This is not the case today, not least because technologies exist that make it possible to eliminate unplanned downtime caused by equipment failure.

Unplanned downtime is also unacceptable in modern manufacturing environments because of the highly competitive nature of many industries and the pressures that exist on profit margins.

Eliminating Unplanned Downtime with Predictive Maintenance

Predictive maintenance is the next step forward from planned maintenance schedules. At its most basic, predictive maintenance involves using sensor technologies to capture real-time data from machines. You then use software algorithms and reports to identify anything that indicates the potential for a breakdown.

Crucially, you will have this information while the machine is still operational. You can then arrange for maintenance work during a period of planned downtime.

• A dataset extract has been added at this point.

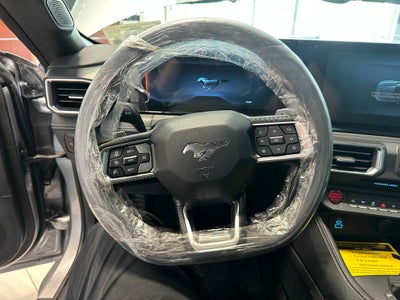 2025 Ford Mustang GT Premium Shelby Super Snake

It’s also possible to take predictive maintenance even further with digital twin technologies, for example, or machine learning.

With a digital twin of your machine or production line, you can test different scenarios in the virtual world using real-time data to predict performance and maintenance issues under different conditions.

With machine learning, you can build self-improvement into the predictive maintenance algorithm to further automate and enhance the process while driving even greater efficiencies in the machine maintenance process.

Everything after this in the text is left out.